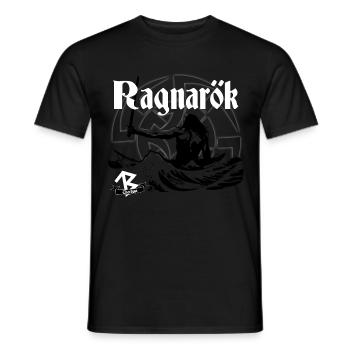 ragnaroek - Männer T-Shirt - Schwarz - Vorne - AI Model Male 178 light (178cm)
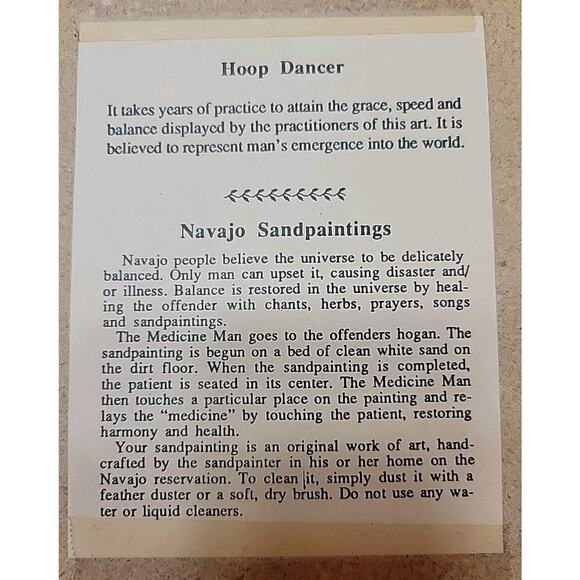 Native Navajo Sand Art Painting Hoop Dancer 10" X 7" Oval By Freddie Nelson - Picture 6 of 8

○ ○ ○ ○ ○ ○ ○

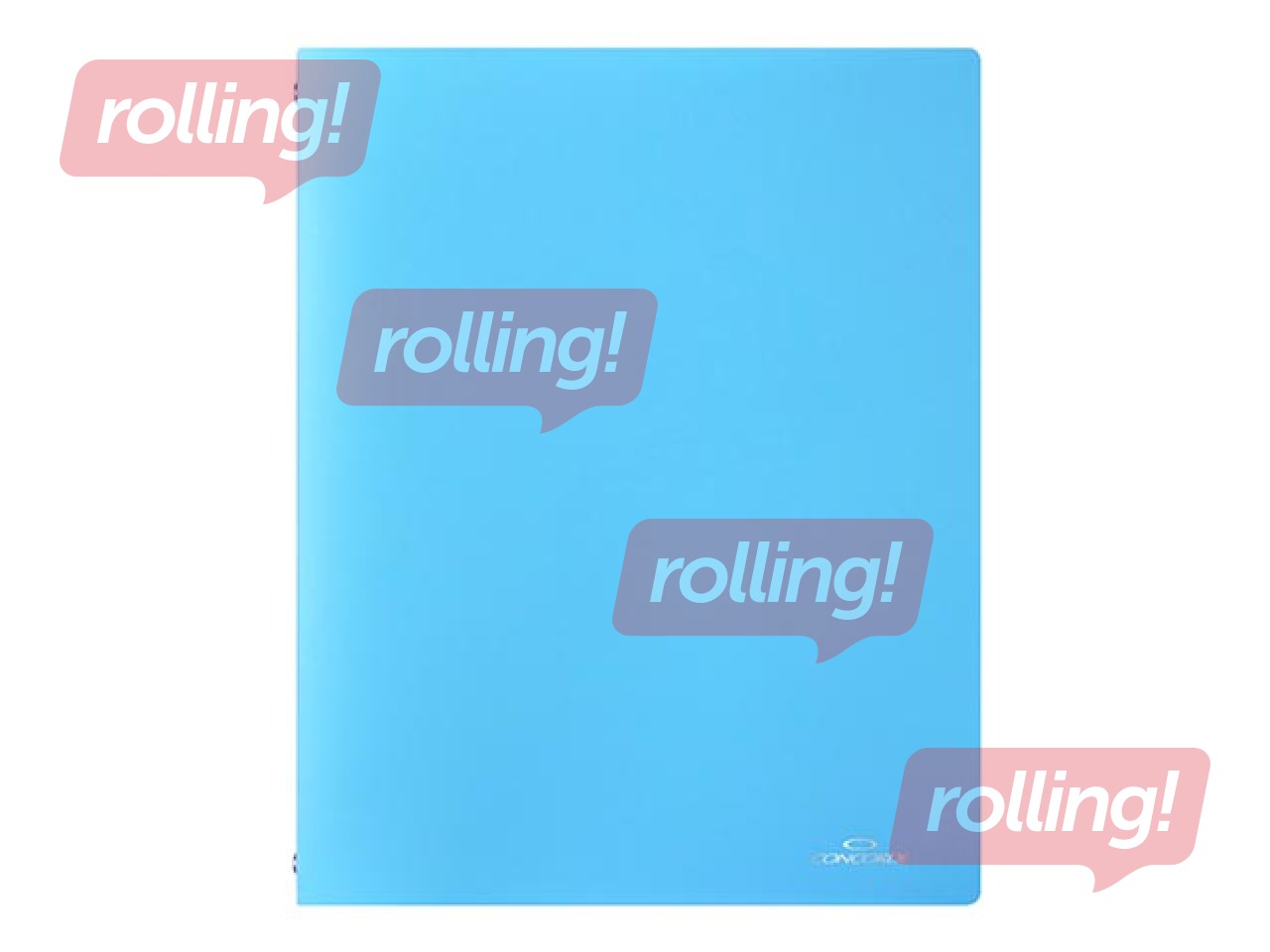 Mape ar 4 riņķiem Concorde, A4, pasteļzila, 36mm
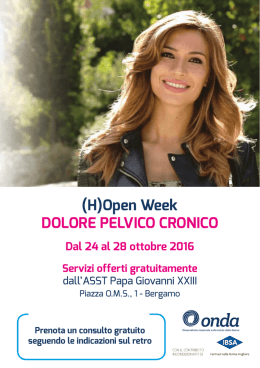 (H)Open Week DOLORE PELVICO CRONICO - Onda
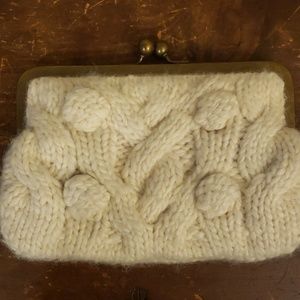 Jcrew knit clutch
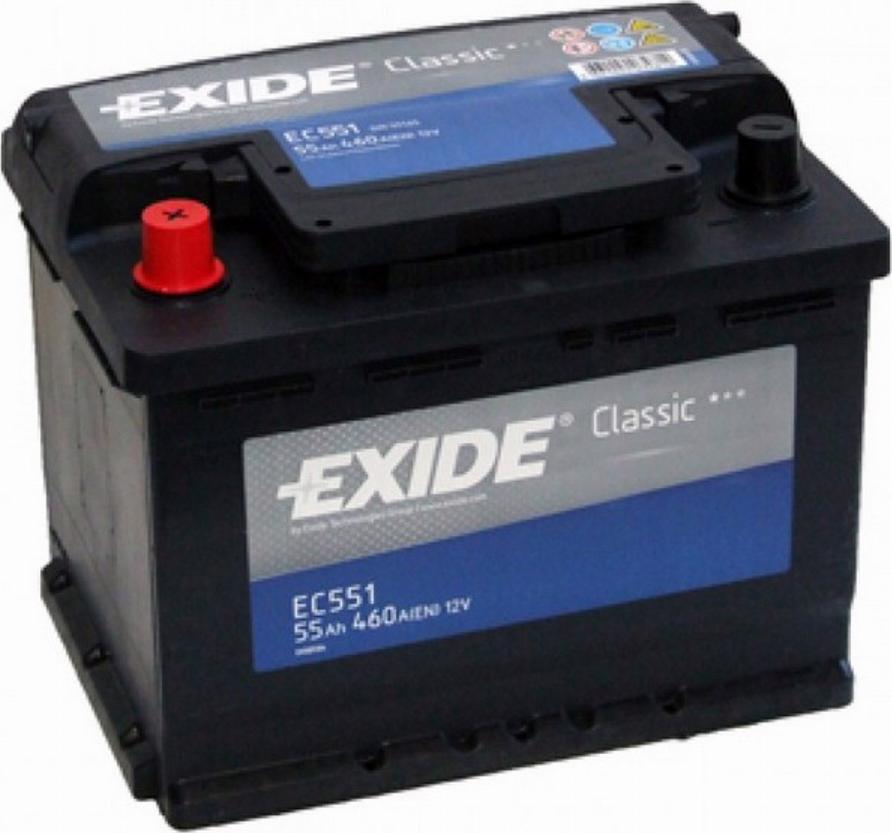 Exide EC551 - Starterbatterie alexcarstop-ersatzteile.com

○ ○ ○ ○ ○ ○ ○

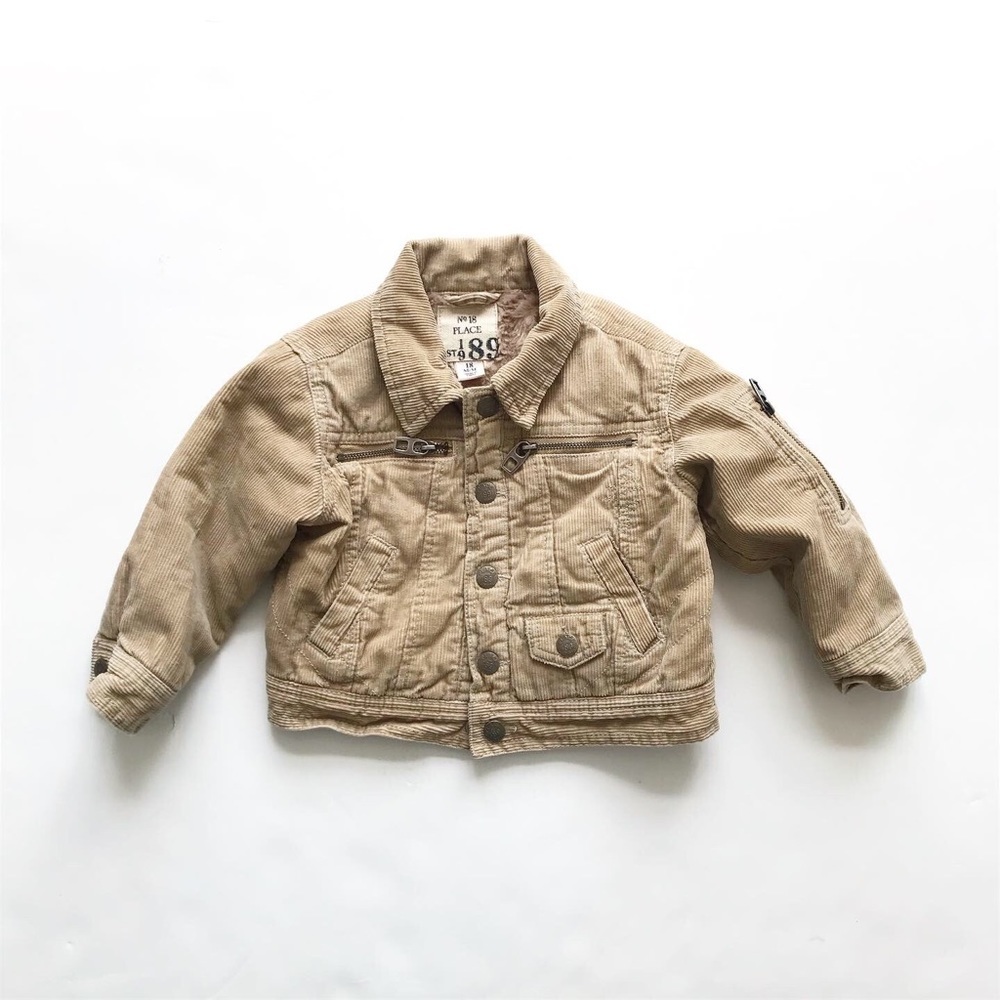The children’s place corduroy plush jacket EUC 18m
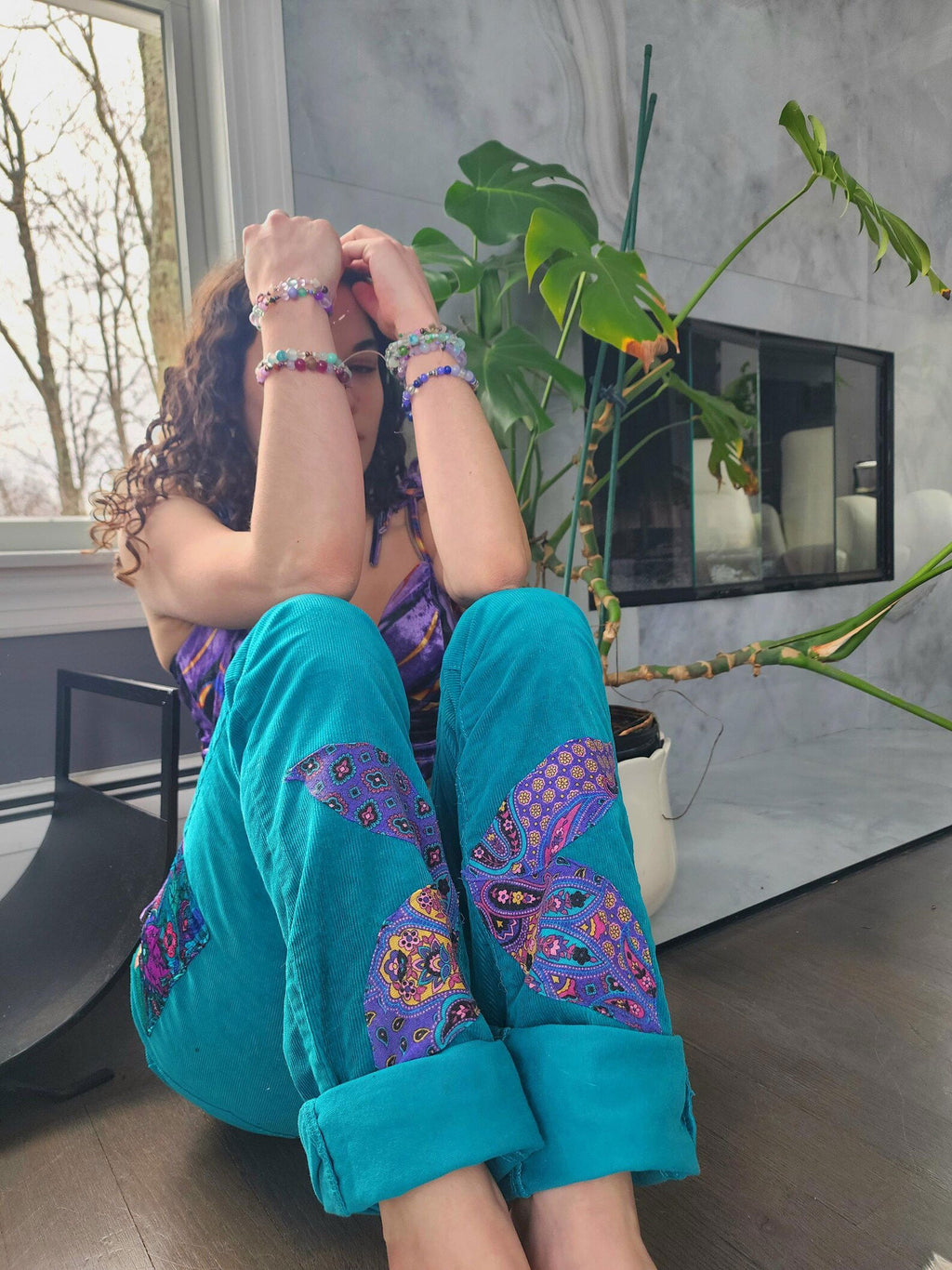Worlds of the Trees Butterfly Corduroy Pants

○ ○ ○ ○ ○ ○ ○

*What is required:*
Starting with the line that has "ragnaroek - Männer" and ending with the line that has "Native Navajo Sand", repeat the lines above exactly, omitting every picture.

*Task solution:*
 ragnaroek - Männer T-Shirt - Schwarz - Vorne - AI Model Male 178 light (178cm)
 Native Navajo Sand Art Painting Hoop Dancer 10" X 7" Oval By Freddie Nelson - Picture 6 of 8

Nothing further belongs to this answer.